Exercise:
Begin at the line that has "In this video, we'll", stop after the line that has "However, as the", and print exactly those lines from the records below, without any pictures.

Dataset records:

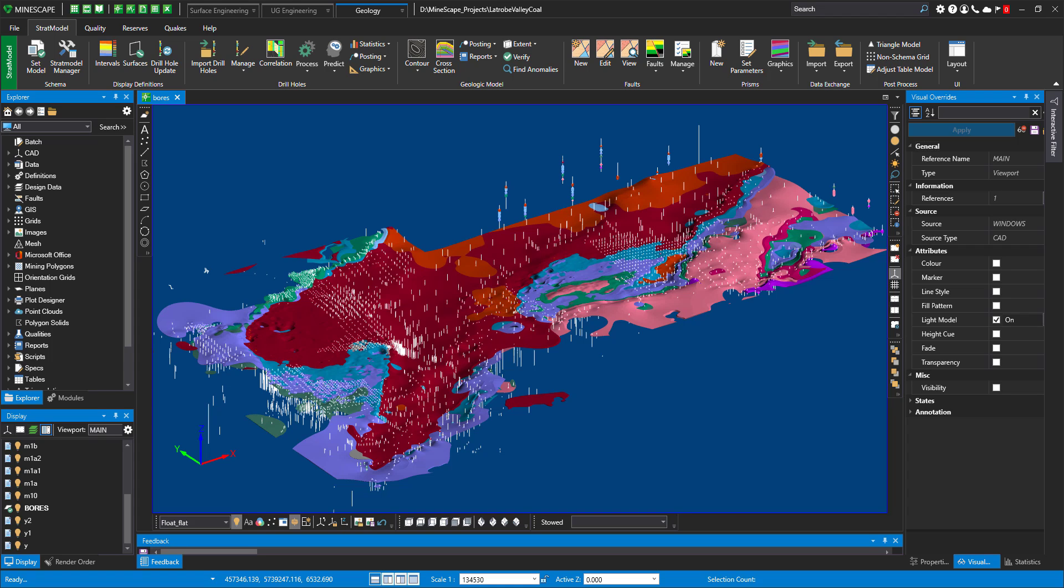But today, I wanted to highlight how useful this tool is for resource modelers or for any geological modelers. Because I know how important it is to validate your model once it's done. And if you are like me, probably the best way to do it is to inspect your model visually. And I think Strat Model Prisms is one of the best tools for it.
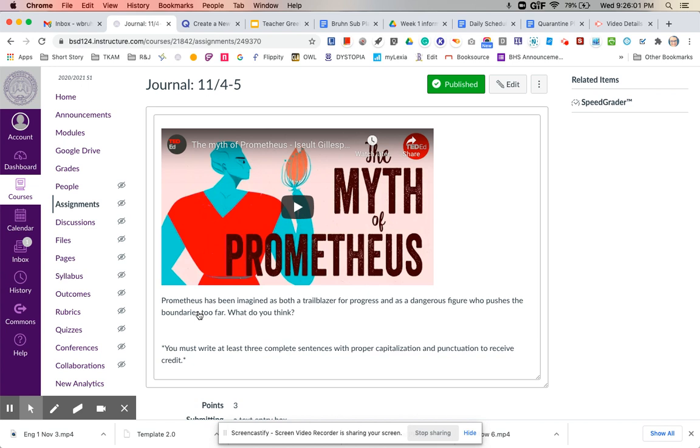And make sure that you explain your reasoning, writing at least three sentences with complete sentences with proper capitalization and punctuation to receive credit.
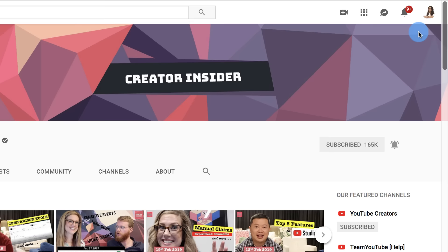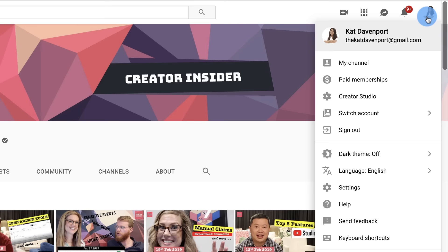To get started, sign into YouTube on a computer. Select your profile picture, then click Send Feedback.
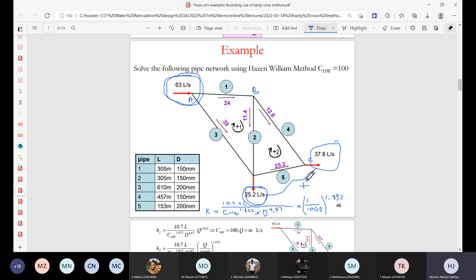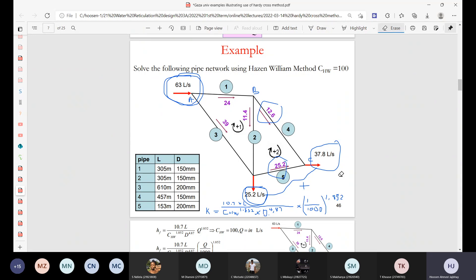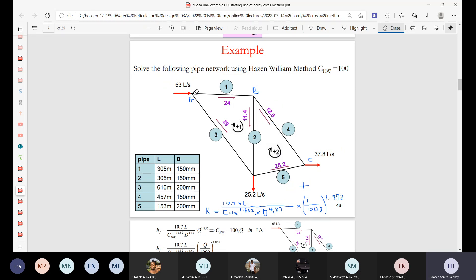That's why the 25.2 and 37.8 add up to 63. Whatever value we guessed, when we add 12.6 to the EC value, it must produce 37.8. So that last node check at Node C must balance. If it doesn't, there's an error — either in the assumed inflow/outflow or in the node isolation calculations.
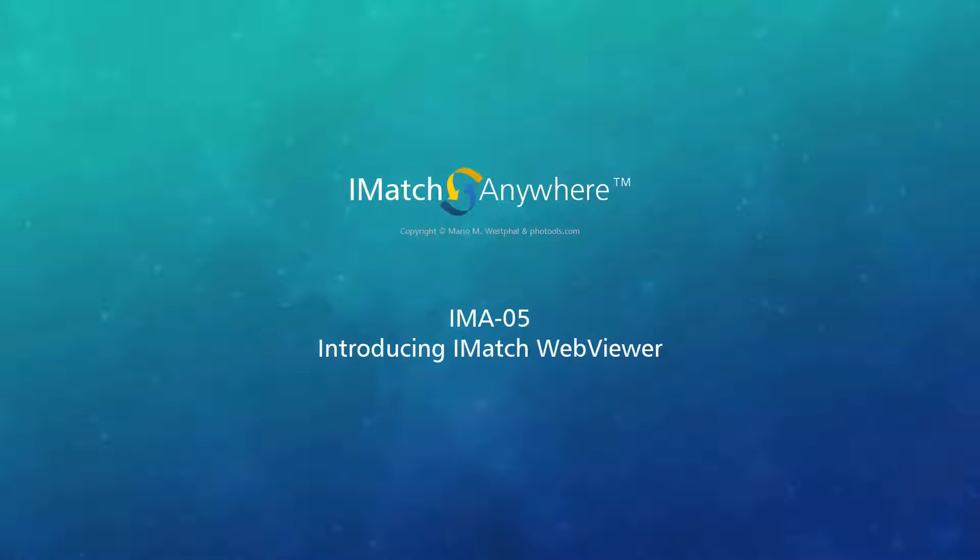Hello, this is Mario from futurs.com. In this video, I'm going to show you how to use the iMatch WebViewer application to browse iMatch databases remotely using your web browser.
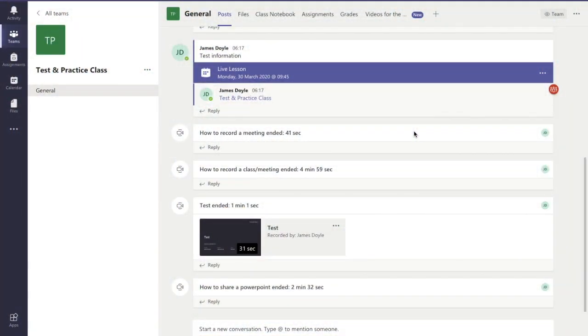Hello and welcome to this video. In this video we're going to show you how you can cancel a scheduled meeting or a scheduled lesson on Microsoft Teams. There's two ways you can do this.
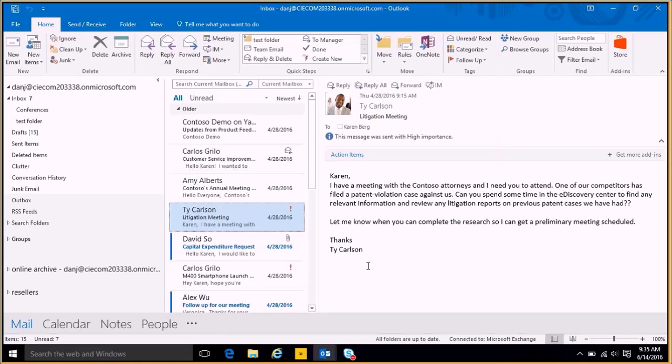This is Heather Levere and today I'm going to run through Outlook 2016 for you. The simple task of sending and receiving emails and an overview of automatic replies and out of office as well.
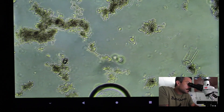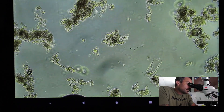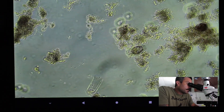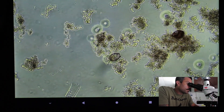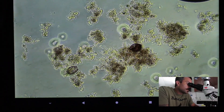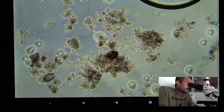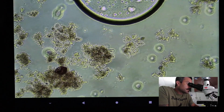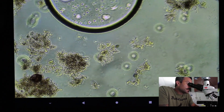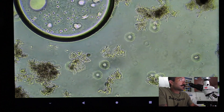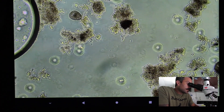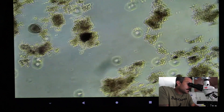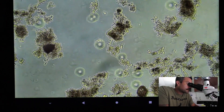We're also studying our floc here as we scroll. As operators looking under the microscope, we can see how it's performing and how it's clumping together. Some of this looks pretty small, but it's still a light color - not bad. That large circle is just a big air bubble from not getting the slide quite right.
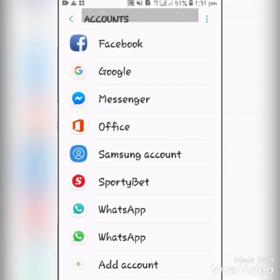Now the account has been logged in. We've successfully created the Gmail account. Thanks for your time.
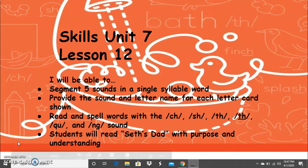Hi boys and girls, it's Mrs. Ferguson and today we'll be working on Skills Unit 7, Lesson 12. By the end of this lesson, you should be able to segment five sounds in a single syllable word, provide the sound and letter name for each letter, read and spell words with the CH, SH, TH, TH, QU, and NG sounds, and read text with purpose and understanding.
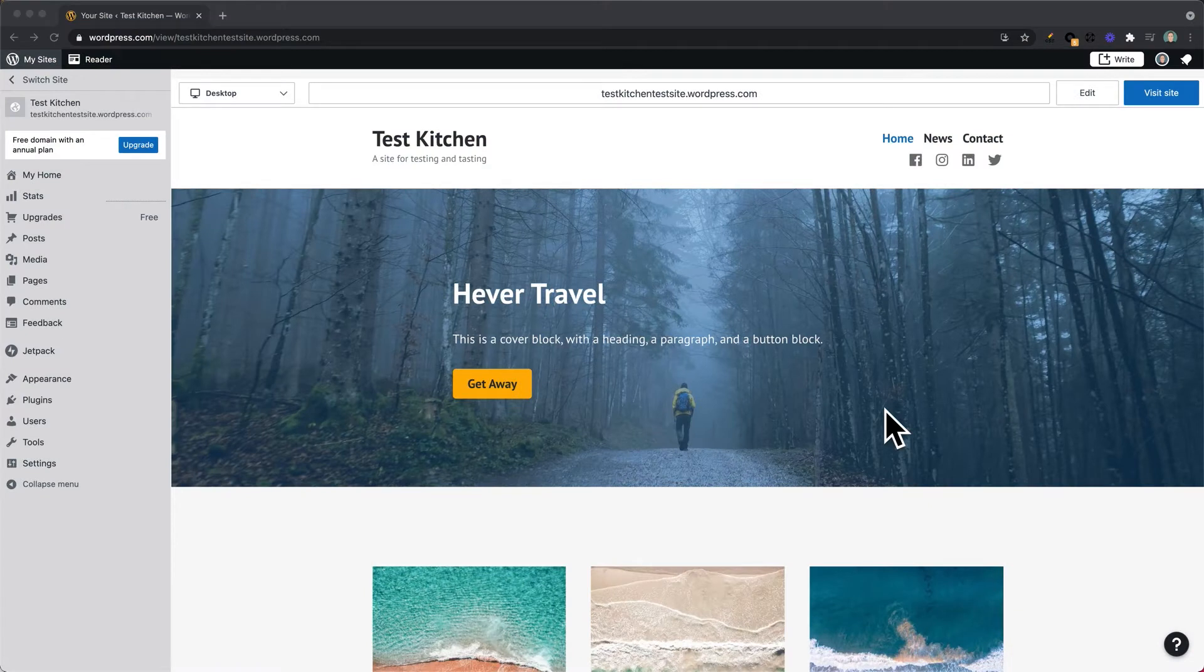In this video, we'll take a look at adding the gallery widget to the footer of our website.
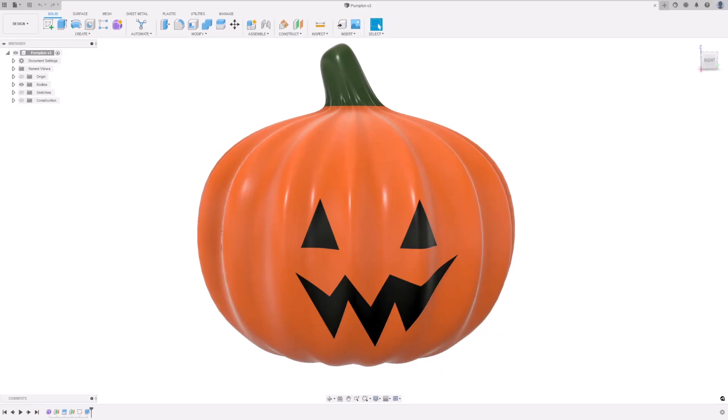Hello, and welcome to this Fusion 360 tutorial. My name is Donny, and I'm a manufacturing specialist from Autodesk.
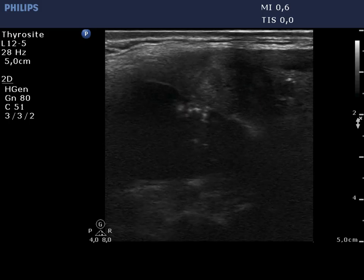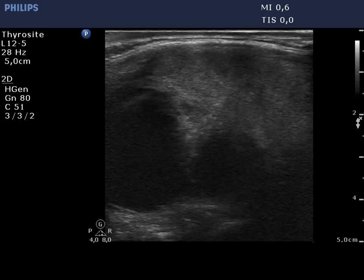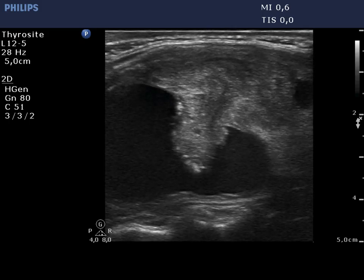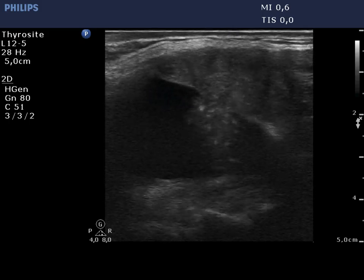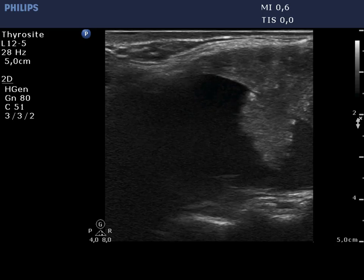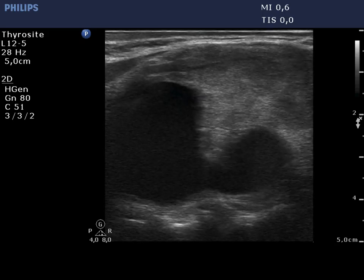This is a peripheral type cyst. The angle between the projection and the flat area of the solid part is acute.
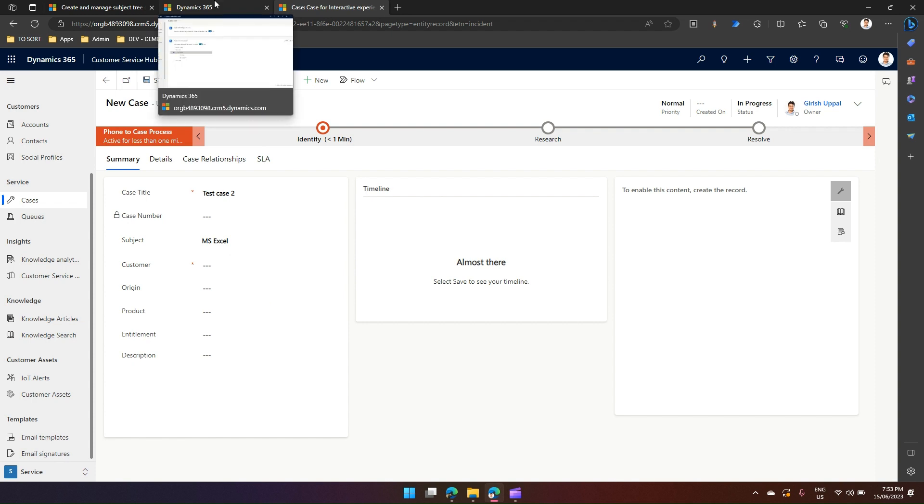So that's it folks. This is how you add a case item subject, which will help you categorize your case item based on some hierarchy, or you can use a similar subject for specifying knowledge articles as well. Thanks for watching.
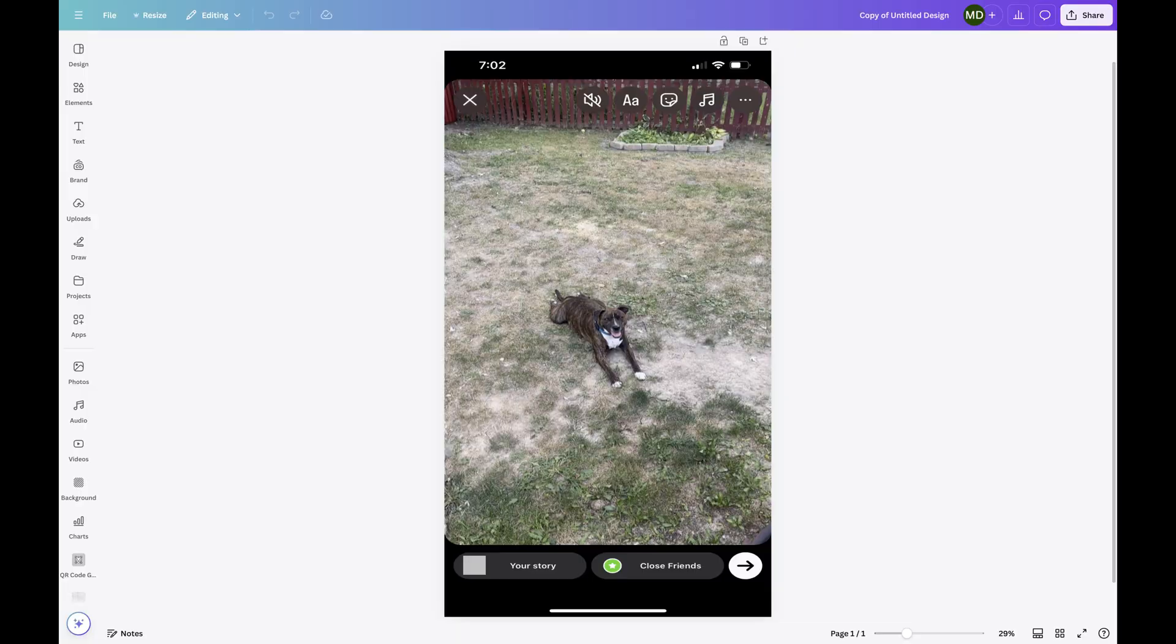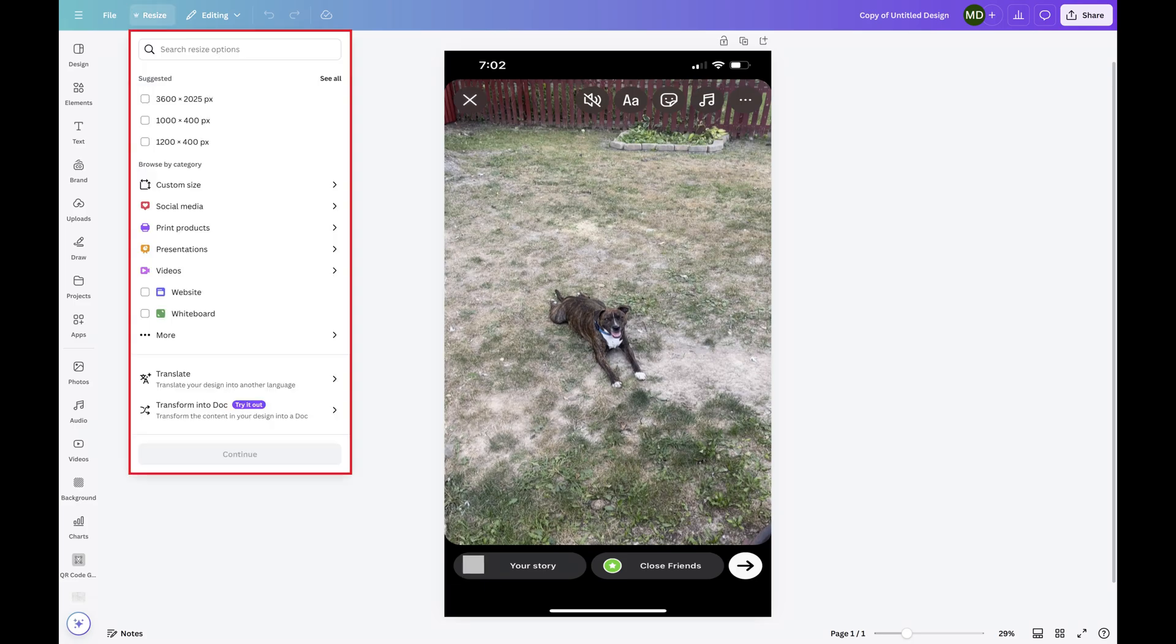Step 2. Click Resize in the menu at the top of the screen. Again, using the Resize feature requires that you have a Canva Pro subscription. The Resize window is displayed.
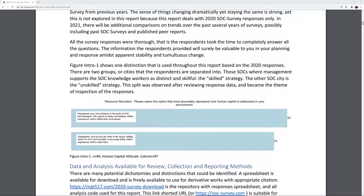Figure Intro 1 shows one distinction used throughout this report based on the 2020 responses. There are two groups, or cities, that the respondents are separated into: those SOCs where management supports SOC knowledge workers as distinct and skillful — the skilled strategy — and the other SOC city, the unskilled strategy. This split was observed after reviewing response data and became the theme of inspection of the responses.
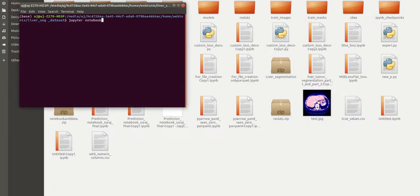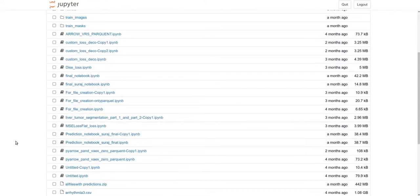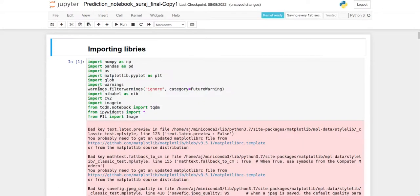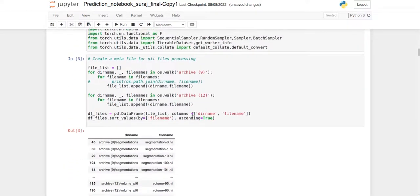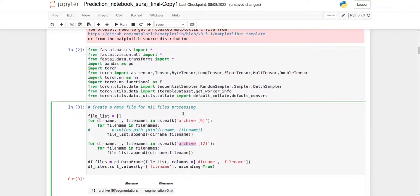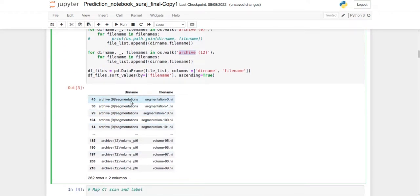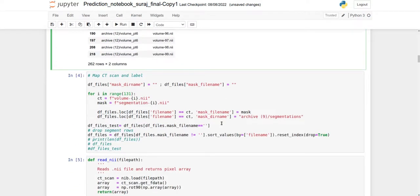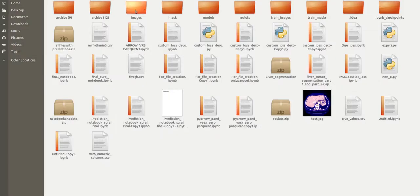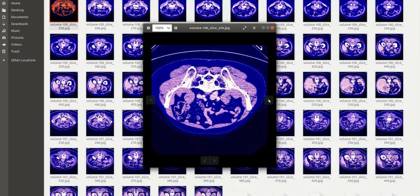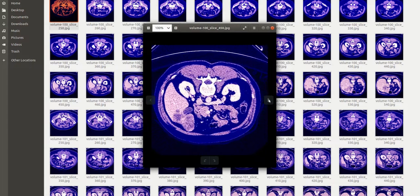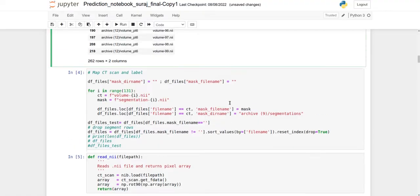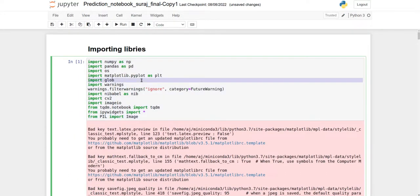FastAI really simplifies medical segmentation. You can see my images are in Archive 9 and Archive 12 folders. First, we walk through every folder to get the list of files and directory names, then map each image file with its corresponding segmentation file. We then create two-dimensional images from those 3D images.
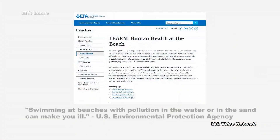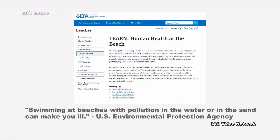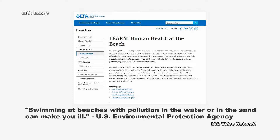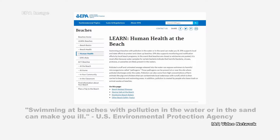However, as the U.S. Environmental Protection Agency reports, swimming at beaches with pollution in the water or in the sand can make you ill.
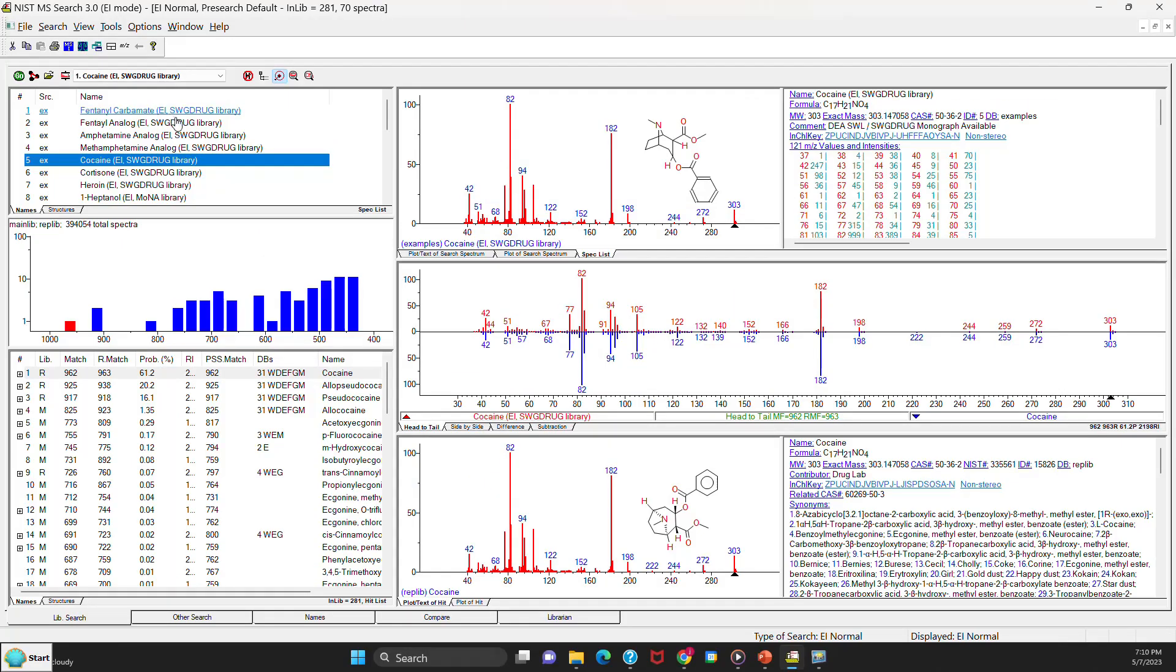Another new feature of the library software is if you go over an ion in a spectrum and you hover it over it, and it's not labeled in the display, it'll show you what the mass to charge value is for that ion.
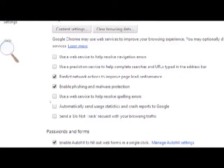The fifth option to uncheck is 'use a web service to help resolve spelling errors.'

Task solution:
In this video, we'll take a look at adding the gallery widget to the footer of our website.
Hello, and welcome to this Fusion 360 tutorial. My name is Donny, and I'm a manufacturing specialist from Autodesk.
This is a peripheral type cyst. The angle between the projection and the flat area of the solid part is acute.
So that's it folks. This is how you add a case item subject, which will help you categorize your case item based on some hierarchy, or you can use a similar subject for specifying knowledge articles as well. Thanks for watching.
Step 2. Click Resize in the menu at the top of the screen. Again, using the Resize feature requires that you have a Canva Pro subscription. The Resize window is displayed.
Figure Intro 1 shows one distinction used throughout this report based on the 2020 responses. There are two groups, or cities, that the respondents are separated into: those SOCs where management supports SOC knowledge workers as distinct and skillful — the skilled strategy — and the other SOC city, the unskilled strategy. This split was observed after reviewing response data and became the theme of inspection of the responses.
FastAI really simplifies medical segmentation. You can see my images are in Archive 9 and Archive 12 folders. First, we walk through every folder to get the list of files and directory names, then map each image file with its corresponding segmentation file. We then create two-dimensional images from those 3D images.
However, as the U.S. Environmental Protection Agency reports, swimming at beaches with pollution in the water or in the sand can make you ill.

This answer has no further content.